Information provided Start Marker

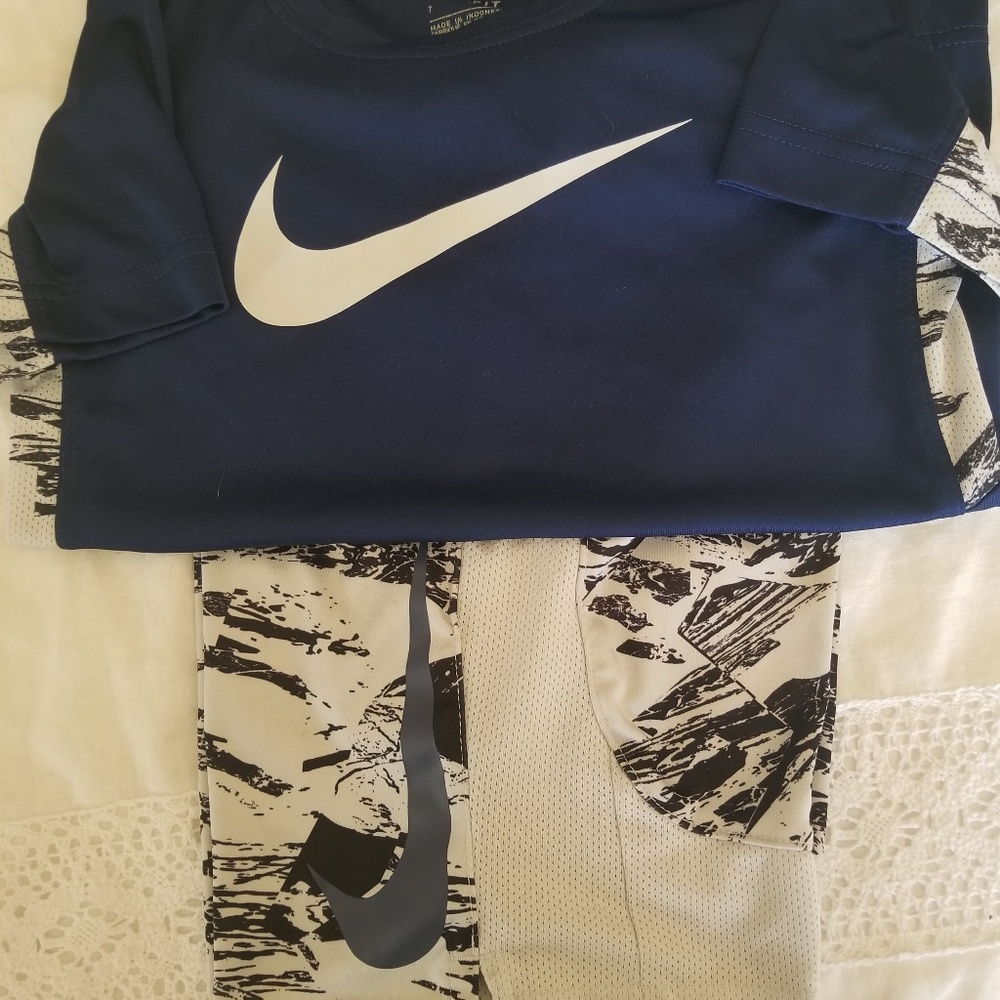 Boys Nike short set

Information provided End Marker
Information provided Start Marker

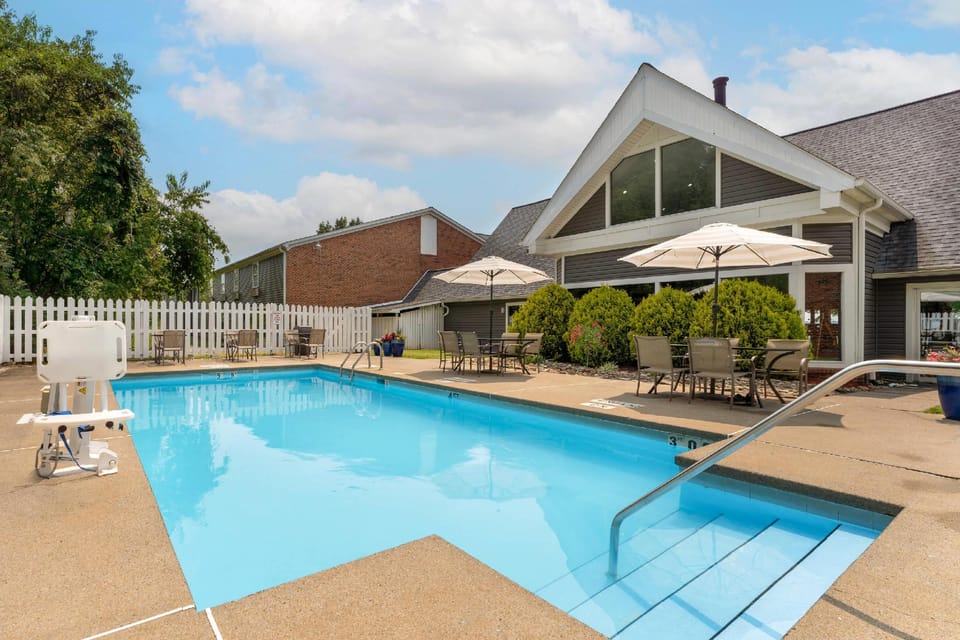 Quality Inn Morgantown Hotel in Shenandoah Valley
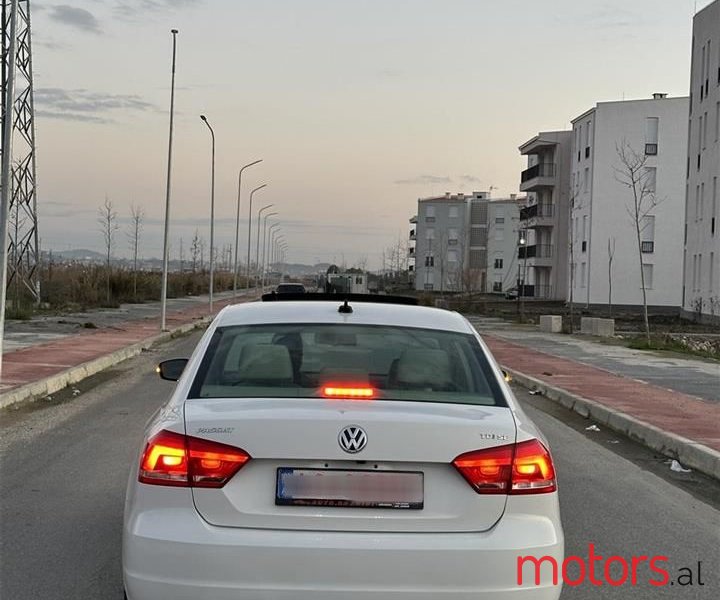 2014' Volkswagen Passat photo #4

Information provided End Marker

● Task directions
For this exercise, please set down exactly the lines of the listing above from the line with "Quality Inn Morgantown" up to and including the line with "2014' Volkswagen Passat photo #4", and no pictures.

● Answer to the problem
 Quality Inn Morgantown Hotel in Shenandoah Valley
 2014' Volkswagen Passat photo #4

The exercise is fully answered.